Take two books, of different authors, one fiction, one non-fiction. Choose a reasonable sample size of words from each (say 100 000 words for the fiction one and 80 000 words for the non-fiction one) and find the mean, median, modal word-length in each and standard deviation.

2. May 10, 2006

### Staff: Mentor

Pretty easy. Just write a C program, or even just a Tcl script.

3. May 10, 2006

### Natasha1

Don't know anything about programing I'm affraid.

4. May 10, 2006

### Staff: Mentor

Well how in the world are you supposed to calculate those stats? By hand?!

Maybe what they are asking is how few words can you use as your sample size in order to get those stats to within some amount of error?

I guess you could do it in Excel if you had to.... mighty big spreadsheet, though.

5. May 10, 2006

### Natasha1

ok this his how the whole question is asked:

Any help would be much much appreciated in advance :-)

Would you expect word-length in general to differ in fiction and non-fiction books?

Take two books, of different authors, one fiction, one non-fiction. Choose a reasonable sample size of words from each, and find the mean, median, modal word-length in each and standard deviation. Make it clear how you have done the various calculations without presenting detailed arithmetic.

In the light of the figures found, comment on the initial question (no formal inferential work needed) just an informed view from the figures found.

6. May 10, 2006

### Staff: Mentor

Well, it obviously depends a lot on the books (some non-fiction books will by their nature use bigger words). But now that the multiple 100,000 sample size has been reduced, the task becomes much more do-able by hand.

Do you know how to calculate those statistics? Do you have a statistics calculator? If not, do you know how to use these functions in Excel? If not, do you have access to Excel? (just use the Help feature to show you how to enter the functions)

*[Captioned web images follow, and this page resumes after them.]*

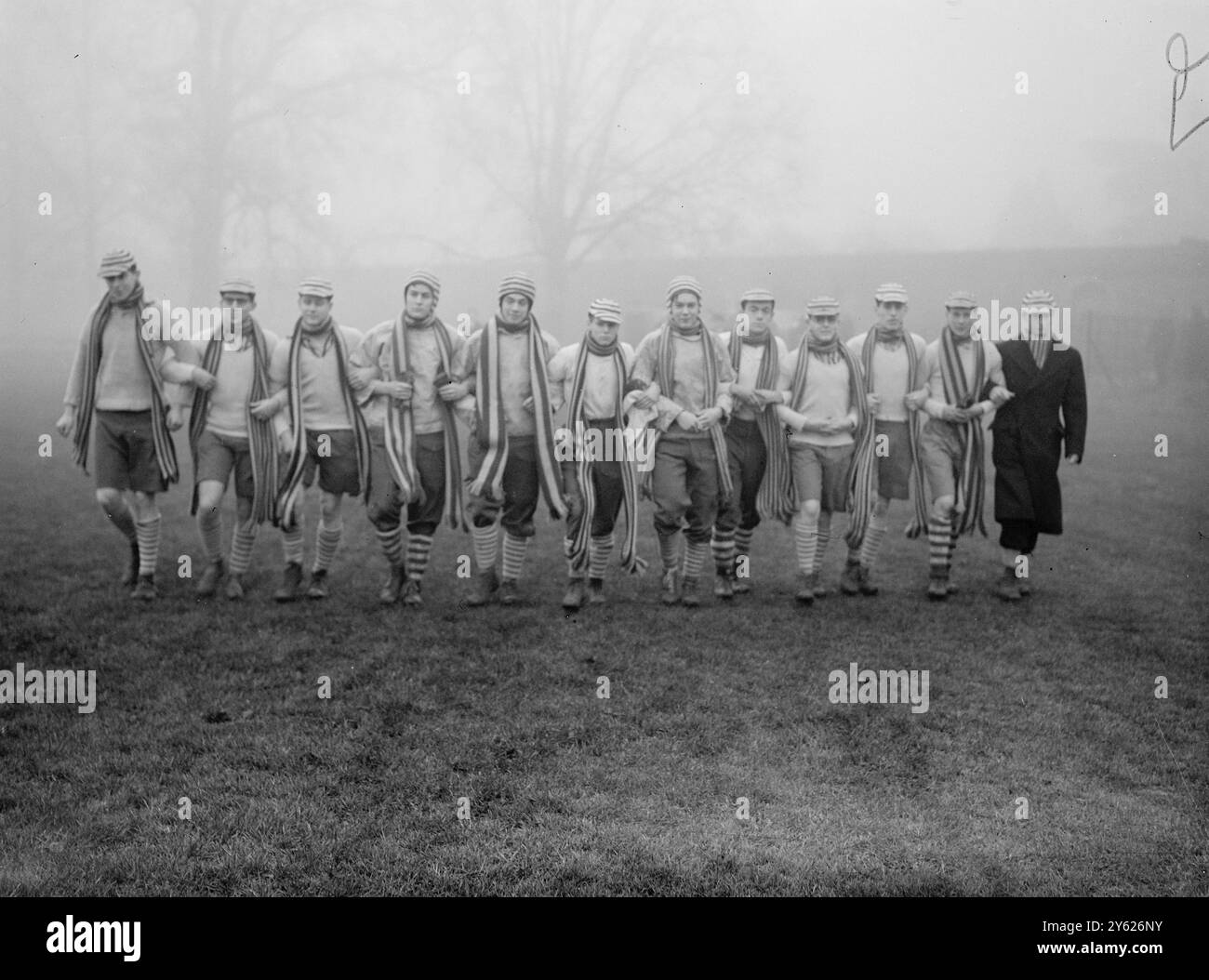 Eton College, Buckinghamshire, während des jährlichen Wall Game zwischen Collegers und Oppidans zur Feier der St ein Tor geschossen WÜRDE. Andrew's Day es wäre ein historisches Ereignis. Bisher wurden in diesem 200 Jahre alten Spiel, bei dem brutale Gewalt gewinnt, seit 38 Jahren keine Tore erzielt, obwohl kein Grund absichtlich einen Gegner schlagen, erwürgen, ersticken oder auf ihn springen darf . Die Hauptidee besteht darin, die Gegner unten zu halten, da niemand den Ball spielen muss, solange er unten ist . Ein schüchterner ( 1 Punkt) wird durch Anheben des bewertet Stockfoto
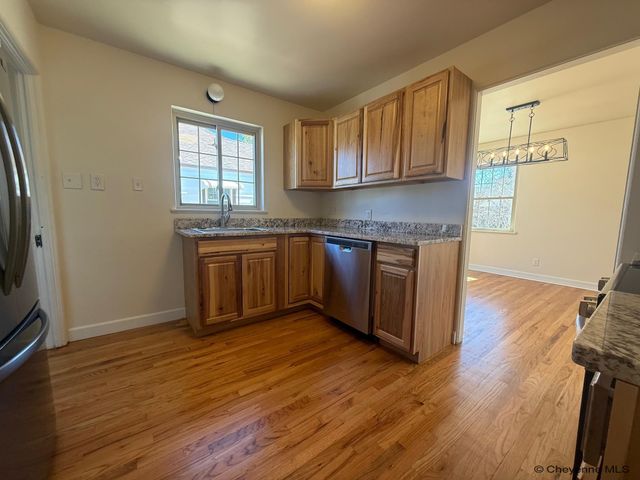 314 E 2ND AVE, Cheyenne, WY 82001
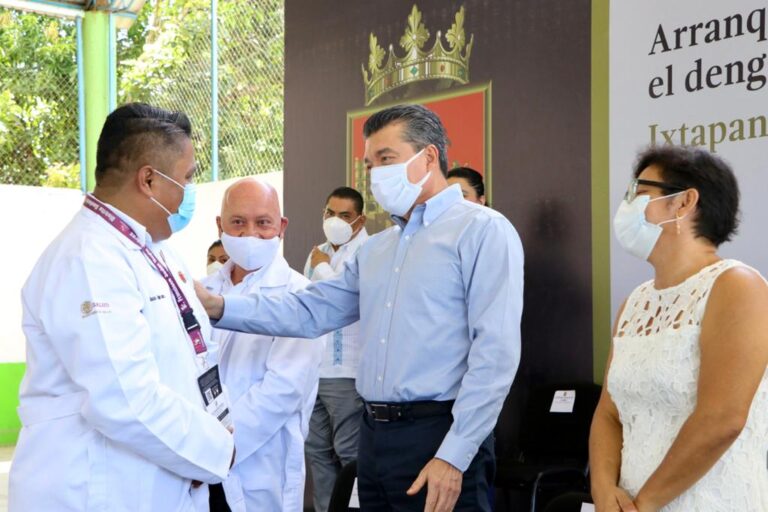 En Ixtapangajoya, Rutilio Escandón entrega reconversión del Centro de Salud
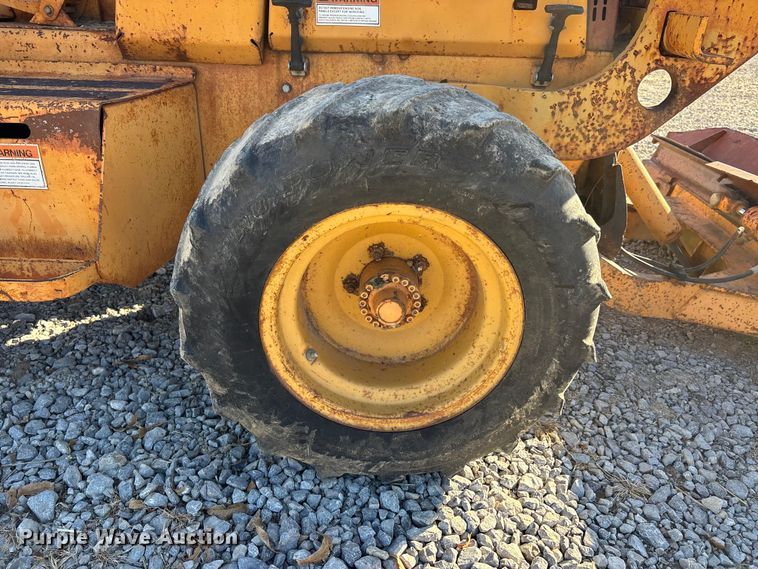 image for item DU1420 1994 Case 460 cable plow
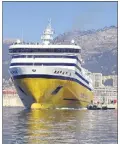  ??  ?? Un fort mistral a convaincu la compagnie de détourner le parcours du Mega Andrea. Partis d’Ile Rousse pour Toulon, c’est dans les Alpes-Maritimes qu’ont amerri les passagers. (Photo Doc Nice-matin)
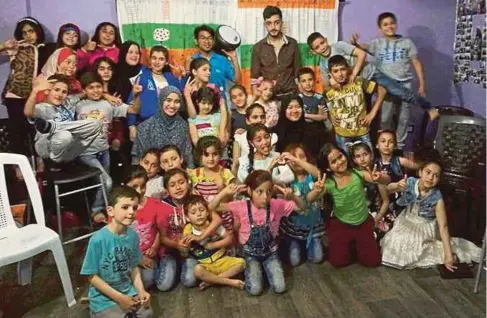  ??  ?? KELAS tuisyen dianjurkan TFTN untuk anak pelarian Syria.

BTW, to get a good statistical sample without having to enter too many word sizes into your Excel spreadsheet, I'd use the close-the-eyes, flip-open-randomly, and poka-word technique for chosing about 40-50 words randomly from each book.

7. May 10, 2006

### 0rthodontist

Well, flip it open randomly and instead of poking a word choose say the fifth word. If you poke a word you would be biased towards selecting longer words.

8. May 10, 2006

### Natasha1

I don't really get it. What am I suppose to do exactly? Can someone just start the problem for me to set me on the right direction :-)